Good Monday morning from your Hometown Lender,
Thursday was the last day we saw action, with the bond market closing early at 2pm ET and remaining closed Friday in observance of Independence Day. On Thursday bonds enjoyed a bit of a relief rally after a weak start, when the jobs data came in a bit weaker than was forecast. Since the data came out before AM rate sheets it was factored in early and there were no reprices as the day quietly progressed and traders basically took the rest of the day off for the long weekend. Rates were a bit better than Wednesday, but still on the high side of the range we’ve been used to.
Rates are a little bit better this morning, but not by much. Bonds are starting the week with some small gains, with mortgage bonds up a few basis points and the 10yr Treasury yield down a couple of basis points. The ISM non-manufacturing data came out and was right on market expectations. It should be a calm day, with low reprice risk, with rates settling in even further to the range we’ve seen the last month.
From a higher and better view:
Bonds: The 10-year Treasury is hovering around the mid-4.4% range, near 4.46%, as markets digest softer jobs data, steady oil prices, and today’s ISM Services report. Bonds are calmer — not beach-chair calm, but at least they are no longer sprinting through the terminal.
Mortgage Rates: Daily tracking shows the 30-year fixed around 6.54% and the 15-year fixed around 5.88%. Freddie Mac’s latest weekly survey showed the 30-year fixed at 6.43% and the 15-year fixed at 5.79%.
Services Economy: ISM Services slipped to 54.0 in June from 54.5, still showing expansion. Employment improved, but new orders cooled and price pressure remains elevated.

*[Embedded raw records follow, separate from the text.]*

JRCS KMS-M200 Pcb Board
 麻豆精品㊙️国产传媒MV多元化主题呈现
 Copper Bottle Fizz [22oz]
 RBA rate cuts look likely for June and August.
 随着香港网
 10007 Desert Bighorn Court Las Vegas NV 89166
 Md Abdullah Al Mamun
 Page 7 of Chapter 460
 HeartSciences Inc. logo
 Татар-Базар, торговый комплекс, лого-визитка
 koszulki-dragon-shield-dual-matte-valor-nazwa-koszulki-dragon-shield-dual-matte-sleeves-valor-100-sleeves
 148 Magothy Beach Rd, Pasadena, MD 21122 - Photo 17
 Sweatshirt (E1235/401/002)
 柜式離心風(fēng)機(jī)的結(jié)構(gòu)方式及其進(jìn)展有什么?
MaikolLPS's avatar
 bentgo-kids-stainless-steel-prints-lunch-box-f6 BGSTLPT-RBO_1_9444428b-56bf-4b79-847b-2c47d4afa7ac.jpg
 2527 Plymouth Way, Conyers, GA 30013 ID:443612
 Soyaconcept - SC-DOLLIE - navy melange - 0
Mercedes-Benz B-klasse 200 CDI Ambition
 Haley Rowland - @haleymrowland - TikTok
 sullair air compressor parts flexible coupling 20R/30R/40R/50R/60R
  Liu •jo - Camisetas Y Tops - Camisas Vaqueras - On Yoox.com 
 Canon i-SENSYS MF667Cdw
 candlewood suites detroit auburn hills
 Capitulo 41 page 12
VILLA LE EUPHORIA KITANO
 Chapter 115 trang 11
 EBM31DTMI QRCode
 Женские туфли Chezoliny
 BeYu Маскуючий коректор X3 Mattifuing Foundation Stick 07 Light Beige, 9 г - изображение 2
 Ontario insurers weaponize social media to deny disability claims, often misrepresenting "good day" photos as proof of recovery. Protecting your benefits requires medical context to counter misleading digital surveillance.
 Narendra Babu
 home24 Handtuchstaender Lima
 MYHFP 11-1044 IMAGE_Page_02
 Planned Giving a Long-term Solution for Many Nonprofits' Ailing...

Oil / Geopolitics: Oil is near pre-Iran-war levels, with Brent around $72 and WTI around $68–$69, helped by OPEC+ supply increases and improved Strait of Hormuz shipping. Lower oil helps inflation, but geopolitical risk is not exactly wearing pajamas yet.
Fed Watch: Softer labor data reduced some immediate hike pressure, but inflation is still above target. Markets are watching Fed commentary and the June FOMC minutes due Wednesday.
Markets: Stocks are getting help from another chip/AI rally, while investors also look ahead to earnings from Delta, PepsiCo, Samsung, and SK Hynix.
What It Means
Today’s tone is cautiously constructive. Softer labor data, calmer oil, and a slightly cooler services report help the bond market. But mortgage rates remain in the mid-6s, and the Fed is still focused on inflation.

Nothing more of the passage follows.